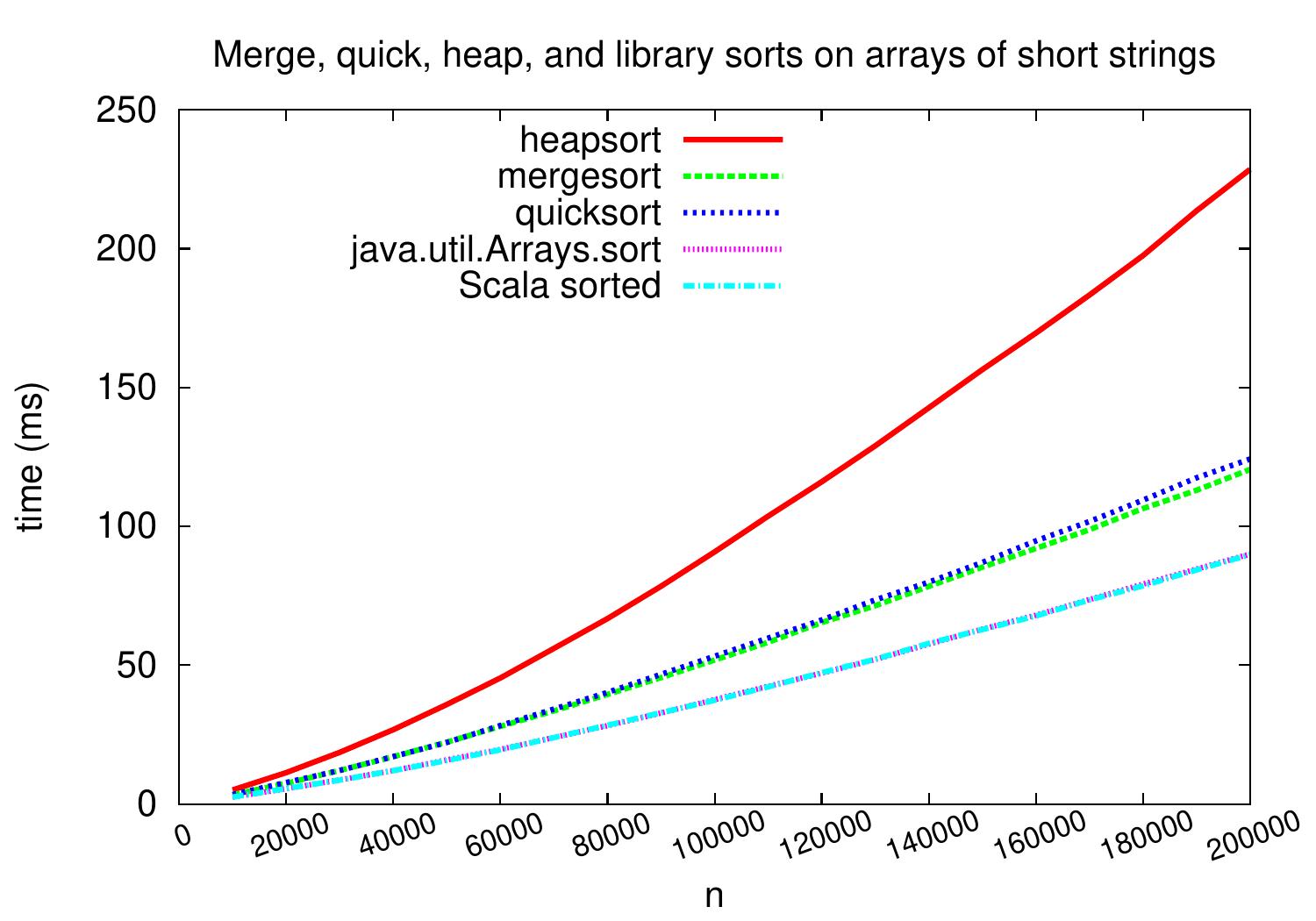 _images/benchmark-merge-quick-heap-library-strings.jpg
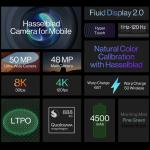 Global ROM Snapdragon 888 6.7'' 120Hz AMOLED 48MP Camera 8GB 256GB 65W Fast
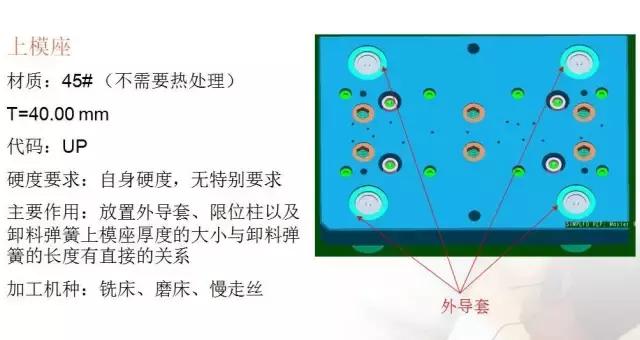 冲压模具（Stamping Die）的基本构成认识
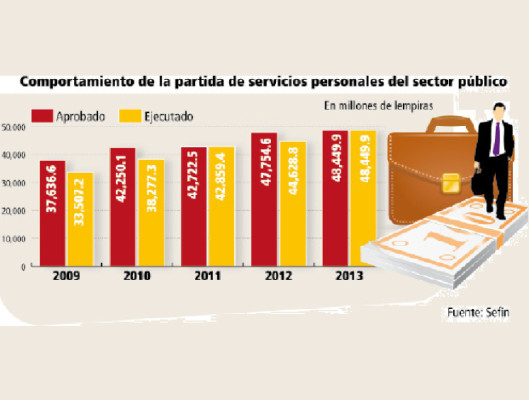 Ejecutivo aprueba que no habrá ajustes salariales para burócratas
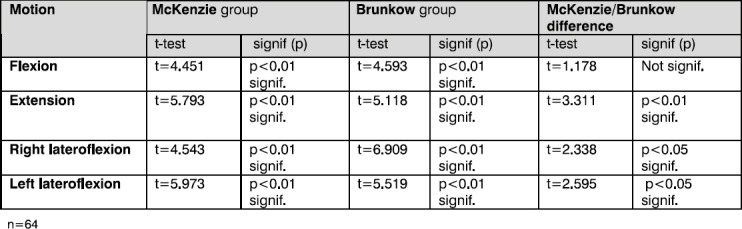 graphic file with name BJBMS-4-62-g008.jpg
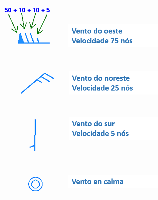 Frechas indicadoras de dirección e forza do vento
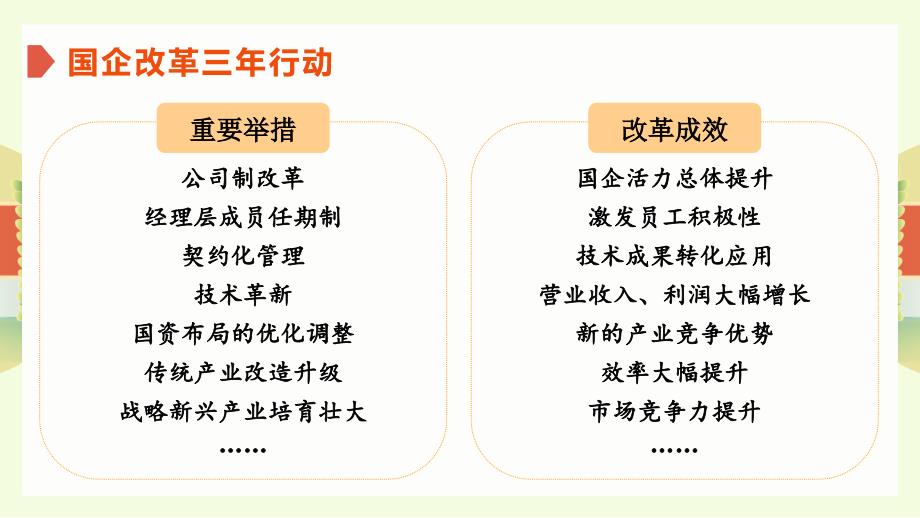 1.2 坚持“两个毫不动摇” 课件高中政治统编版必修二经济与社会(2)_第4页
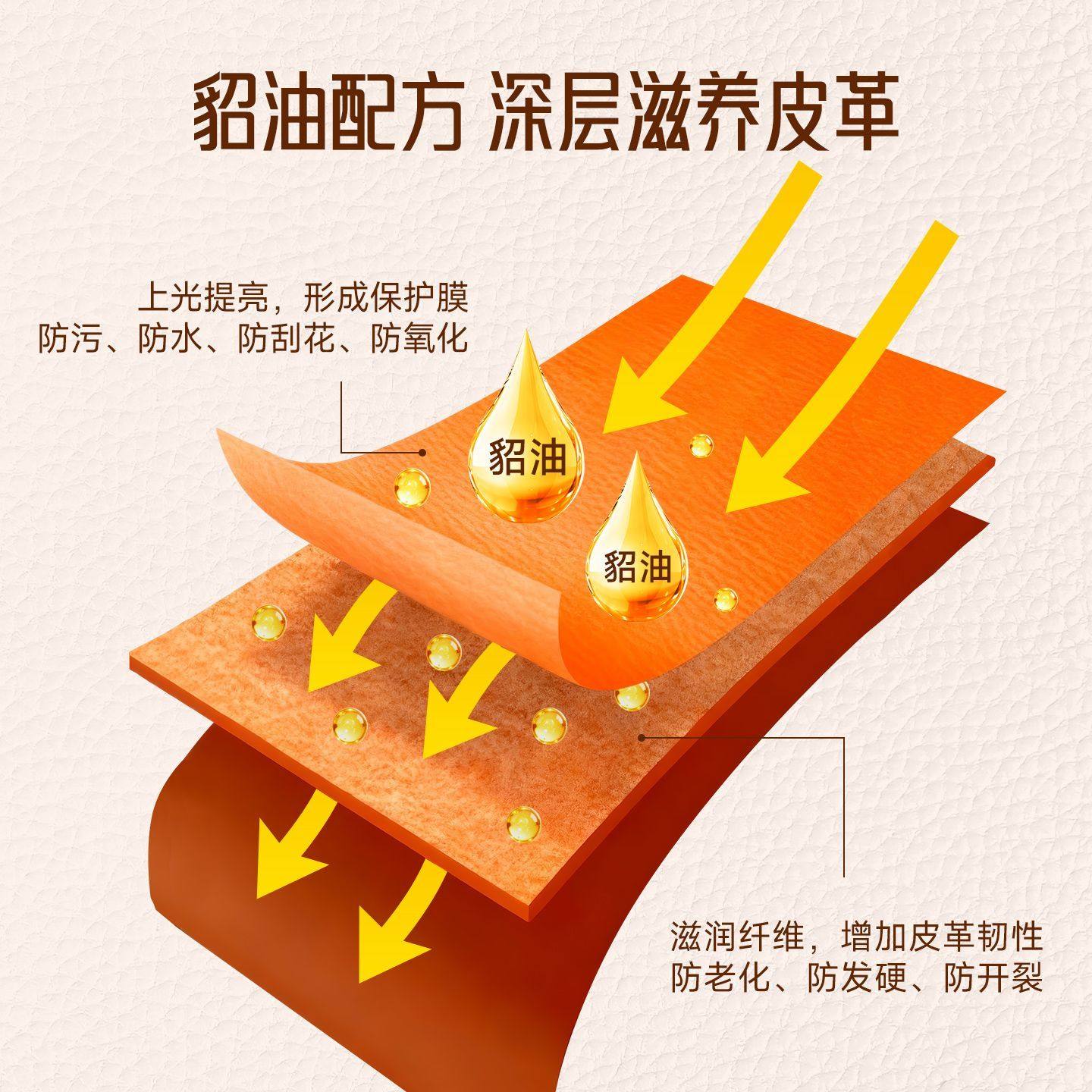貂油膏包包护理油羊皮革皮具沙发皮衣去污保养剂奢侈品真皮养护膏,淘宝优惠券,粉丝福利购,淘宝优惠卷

══════════

§ REQUIREMENT: Locate the line containing "Ejecutivo aprueba que" in the material above, then repeat it and every later line exactly, with no pictures.

§ RESULT OF THIS EXERCISE:
 Ejecutivo aprueba que no habrá ajustes salariales para burócratas
 graphic file with name BJBMS-4-62-g008.jpg
 Frechas indicadoras de dirección e forza do vento
 1.2 坚持“两个毫不动摇” 课件高中政治统编版必修二经济与社会(2)_第4页
貂油膏包包护理油羊皮革皮具沙发皮衣去污保养剂奢侈品真皮养护膏,淘宝优惠券,粉丝福利购,淘宝优惠卷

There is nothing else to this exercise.